Today I laid eyes on one of the most practical applications of virtual reality I’ve ever seen. Too bad I couldn’t actually try it out.
Virtual reality still feels like fantasy to me. It’s like the autonomous car; the technology behind VR is here and progressing fast, yet it’s still worlds away from actually finding a place in daily life. At least for now.
That’s why my blood pressure doesn’t rise when I think of Microsoft’s HoloLens. Or the next iteration of Oculus. I’m a bit tired of waiting for these grand plans to manifest themselves, and I can’t help but wonder if we’re thinking too big. Or maybe we’re not thinking too big — we just need to be practical and think small, too.
Mattel’s new View-Master is a prime example of thinking small. The View-Master is essentially a fancy shell and companion app powered by a smartphone and Google’s low-fi VR project, Cardboard. Mattel and Google unveiled the device today in New York, but it’s an unfinished product.

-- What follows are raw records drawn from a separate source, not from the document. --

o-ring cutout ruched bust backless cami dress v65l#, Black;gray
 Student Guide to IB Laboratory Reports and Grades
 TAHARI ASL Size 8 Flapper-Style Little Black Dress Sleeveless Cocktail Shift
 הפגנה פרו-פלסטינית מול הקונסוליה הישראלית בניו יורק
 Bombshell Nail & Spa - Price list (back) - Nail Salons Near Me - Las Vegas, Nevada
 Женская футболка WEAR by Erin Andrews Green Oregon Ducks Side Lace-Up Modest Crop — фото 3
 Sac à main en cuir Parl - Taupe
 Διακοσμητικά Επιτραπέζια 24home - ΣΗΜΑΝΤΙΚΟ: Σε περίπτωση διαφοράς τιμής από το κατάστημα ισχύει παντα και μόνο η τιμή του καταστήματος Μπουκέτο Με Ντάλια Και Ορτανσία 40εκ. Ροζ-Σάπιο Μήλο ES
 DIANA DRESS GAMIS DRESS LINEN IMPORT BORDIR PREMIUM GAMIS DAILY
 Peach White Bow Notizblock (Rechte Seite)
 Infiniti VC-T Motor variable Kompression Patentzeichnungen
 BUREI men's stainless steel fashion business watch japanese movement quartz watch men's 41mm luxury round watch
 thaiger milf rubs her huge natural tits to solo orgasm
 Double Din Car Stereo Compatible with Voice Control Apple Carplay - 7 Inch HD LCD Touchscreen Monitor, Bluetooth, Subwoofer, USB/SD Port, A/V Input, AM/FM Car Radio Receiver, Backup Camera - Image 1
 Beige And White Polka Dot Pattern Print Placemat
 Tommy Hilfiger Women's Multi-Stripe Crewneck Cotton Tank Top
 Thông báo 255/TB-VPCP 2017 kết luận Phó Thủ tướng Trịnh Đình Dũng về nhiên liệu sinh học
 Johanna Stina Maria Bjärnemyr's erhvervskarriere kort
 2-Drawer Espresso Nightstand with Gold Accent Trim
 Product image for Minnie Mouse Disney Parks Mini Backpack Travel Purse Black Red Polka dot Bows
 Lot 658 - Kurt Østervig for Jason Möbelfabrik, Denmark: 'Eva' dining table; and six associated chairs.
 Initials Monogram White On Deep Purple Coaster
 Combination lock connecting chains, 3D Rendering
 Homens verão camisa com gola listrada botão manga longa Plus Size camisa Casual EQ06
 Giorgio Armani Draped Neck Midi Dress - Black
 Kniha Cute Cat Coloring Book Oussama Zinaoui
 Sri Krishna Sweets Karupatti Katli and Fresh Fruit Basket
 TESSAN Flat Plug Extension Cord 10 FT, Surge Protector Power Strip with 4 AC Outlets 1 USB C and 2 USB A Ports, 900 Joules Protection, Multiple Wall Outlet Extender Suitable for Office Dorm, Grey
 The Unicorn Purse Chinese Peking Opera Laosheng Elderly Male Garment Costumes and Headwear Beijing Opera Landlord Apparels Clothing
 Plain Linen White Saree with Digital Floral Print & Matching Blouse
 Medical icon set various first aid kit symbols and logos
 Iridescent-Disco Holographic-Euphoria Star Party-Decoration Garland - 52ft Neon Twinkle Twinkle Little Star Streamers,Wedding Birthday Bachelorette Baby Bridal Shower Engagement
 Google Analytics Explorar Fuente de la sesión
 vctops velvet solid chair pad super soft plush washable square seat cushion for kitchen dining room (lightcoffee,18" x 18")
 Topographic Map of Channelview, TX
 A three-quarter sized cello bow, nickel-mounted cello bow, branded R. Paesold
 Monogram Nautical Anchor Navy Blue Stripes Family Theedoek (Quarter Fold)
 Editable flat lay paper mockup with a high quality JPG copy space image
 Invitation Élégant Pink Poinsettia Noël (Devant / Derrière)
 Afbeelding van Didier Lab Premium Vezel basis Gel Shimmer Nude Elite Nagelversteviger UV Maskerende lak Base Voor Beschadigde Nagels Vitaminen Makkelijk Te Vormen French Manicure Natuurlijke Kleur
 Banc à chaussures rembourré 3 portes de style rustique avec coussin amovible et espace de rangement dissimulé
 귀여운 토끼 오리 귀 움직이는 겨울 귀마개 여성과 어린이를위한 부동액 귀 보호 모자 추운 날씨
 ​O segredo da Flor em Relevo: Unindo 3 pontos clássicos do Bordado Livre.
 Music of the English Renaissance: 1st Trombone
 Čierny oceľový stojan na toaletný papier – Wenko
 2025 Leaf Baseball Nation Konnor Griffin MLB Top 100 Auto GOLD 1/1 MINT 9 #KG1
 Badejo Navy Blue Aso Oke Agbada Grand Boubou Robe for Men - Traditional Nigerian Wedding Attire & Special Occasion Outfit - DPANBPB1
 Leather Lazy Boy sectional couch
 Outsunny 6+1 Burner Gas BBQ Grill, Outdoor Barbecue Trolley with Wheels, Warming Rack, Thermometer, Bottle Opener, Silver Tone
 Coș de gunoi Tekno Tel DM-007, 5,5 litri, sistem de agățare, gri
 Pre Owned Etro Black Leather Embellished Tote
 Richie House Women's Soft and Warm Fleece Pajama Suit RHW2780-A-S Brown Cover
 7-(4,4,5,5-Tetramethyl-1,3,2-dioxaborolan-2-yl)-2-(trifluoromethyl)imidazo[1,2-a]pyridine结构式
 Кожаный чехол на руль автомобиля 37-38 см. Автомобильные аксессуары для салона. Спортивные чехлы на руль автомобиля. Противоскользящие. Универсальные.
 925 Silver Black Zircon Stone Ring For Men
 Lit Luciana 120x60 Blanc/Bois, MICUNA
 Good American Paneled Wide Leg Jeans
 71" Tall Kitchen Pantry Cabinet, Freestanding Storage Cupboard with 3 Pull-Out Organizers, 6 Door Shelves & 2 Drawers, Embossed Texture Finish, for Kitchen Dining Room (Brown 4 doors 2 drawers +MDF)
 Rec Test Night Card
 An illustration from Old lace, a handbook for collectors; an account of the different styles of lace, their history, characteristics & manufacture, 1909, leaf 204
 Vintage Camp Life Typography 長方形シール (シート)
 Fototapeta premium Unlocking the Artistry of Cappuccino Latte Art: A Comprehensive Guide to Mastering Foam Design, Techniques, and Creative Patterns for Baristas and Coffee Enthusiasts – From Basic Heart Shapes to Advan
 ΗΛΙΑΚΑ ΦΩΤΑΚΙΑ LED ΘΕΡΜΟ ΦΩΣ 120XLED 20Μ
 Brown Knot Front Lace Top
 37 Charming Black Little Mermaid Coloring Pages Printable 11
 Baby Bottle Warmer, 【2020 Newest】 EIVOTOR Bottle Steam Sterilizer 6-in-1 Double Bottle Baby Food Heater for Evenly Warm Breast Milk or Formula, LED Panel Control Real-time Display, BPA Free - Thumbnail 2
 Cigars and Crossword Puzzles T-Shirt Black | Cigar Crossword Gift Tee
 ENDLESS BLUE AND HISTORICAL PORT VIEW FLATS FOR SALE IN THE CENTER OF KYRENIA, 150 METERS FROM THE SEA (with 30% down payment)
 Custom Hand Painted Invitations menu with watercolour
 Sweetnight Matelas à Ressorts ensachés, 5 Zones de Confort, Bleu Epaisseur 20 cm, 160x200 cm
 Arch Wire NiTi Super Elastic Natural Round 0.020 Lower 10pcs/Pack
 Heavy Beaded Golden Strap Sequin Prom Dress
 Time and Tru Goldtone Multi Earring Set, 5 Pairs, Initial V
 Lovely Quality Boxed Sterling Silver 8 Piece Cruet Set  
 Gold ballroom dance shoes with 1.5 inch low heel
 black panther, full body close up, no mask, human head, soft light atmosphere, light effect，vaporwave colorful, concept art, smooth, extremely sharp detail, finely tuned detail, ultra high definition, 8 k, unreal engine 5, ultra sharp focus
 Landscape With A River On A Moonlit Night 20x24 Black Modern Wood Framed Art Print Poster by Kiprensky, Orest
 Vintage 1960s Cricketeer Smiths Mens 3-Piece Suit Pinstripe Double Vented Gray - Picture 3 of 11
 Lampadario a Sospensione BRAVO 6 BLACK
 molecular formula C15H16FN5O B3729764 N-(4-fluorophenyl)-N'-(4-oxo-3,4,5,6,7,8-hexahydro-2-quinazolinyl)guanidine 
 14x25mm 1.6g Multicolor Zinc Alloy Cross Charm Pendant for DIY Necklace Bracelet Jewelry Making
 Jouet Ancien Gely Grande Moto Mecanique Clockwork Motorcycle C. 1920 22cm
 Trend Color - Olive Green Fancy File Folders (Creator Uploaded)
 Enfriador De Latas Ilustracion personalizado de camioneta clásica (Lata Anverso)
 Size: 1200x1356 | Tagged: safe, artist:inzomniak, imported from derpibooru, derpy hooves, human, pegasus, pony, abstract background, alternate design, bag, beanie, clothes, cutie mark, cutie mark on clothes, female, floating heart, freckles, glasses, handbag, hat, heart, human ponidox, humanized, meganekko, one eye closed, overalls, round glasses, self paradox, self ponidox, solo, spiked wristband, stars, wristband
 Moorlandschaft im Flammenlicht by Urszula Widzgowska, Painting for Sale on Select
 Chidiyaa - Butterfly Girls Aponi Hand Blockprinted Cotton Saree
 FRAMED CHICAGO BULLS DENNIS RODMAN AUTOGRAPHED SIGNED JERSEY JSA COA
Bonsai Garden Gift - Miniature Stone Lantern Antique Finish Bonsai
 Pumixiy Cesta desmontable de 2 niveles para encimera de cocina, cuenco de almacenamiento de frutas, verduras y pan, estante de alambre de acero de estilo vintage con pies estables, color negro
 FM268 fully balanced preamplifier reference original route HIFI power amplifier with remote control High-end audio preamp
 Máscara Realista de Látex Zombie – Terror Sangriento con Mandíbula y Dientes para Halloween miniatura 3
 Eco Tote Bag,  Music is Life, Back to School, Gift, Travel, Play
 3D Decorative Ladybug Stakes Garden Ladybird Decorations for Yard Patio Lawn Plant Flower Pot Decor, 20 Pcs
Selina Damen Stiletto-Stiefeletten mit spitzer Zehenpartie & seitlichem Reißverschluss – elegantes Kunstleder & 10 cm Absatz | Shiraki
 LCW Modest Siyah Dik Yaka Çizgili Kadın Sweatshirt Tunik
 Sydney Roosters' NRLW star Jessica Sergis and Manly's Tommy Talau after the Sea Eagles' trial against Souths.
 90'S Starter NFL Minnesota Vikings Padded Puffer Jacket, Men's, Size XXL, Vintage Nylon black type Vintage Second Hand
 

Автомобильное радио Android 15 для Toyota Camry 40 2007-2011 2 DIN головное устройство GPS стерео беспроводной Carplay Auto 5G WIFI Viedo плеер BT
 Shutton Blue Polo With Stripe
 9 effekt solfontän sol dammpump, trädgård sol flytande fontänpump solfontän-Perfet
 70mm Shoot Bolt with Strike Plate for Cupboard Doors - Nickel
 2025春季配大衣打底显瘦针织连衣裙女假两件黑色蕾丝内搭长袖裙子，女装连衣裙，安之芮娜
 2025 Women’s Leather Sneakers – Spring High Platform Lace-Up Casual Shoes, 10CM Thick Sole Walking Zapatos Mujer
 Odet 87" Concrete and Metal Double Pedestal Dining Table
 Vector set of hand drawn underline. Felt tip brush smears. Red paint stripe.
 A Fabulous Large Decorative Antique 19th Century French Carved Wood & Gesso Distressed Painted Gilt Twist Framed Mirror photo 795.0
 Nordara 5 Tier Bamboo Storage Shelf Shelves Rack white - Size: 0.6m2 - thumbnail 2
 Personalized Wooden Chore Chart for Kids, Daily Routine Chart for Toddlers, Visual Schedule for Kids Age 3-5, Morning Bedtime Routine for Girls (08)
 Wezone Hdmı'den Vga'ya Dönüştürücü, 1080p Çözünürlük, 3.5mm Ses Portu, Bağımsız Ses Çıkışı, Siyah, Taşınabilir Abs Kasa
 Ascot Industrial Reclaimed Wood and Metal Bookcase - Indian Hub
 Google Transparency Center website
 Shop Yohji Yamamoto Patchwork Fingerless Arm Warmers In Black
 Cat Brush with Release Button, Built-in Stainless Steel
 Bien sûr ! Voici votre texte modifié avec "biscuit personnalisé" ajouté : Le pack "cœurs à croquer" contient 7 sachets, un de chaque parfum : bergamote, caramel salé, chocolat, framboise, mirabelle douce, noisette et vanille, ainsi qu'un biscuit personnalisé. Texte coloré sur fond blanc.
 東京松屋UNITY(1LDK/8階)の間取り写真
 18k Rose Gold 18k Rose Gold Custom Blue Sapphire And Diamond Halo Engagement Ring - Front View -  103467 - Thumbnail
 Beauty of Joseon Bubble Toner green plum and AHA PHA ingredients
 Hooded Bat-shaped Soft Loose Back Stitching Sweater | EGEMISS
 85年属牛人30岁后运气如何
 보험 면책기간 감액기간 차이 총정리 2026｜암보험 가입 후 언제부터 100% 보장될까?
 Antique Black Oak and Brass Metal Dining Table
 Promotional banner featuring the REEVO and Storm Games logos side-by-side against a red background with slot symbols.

Like trying on ski goggles, I held the (non-functional) View-Master to my face. I tried Mattel’s companion app separately, using Google’s Cardboard shell.
The toy — yes, toy — felt clunky but sturdy. It looks like the kind of object a parent might throw in their Target cart to calm down a crying kid. That’s probably the best thing about this gadget: It looks like something in the Target toy aisle. It’s also going to retail for $30 — a fair enough price for something that promises virtual reality.
I don’t think Mattel will hit a home run with View-Master. But I think the idea here — short, simple, snackable VR experiences made for kids — has tons of potential.
Agree or not, this thing may end up in your local toy aisle very soon, maybe even this fall.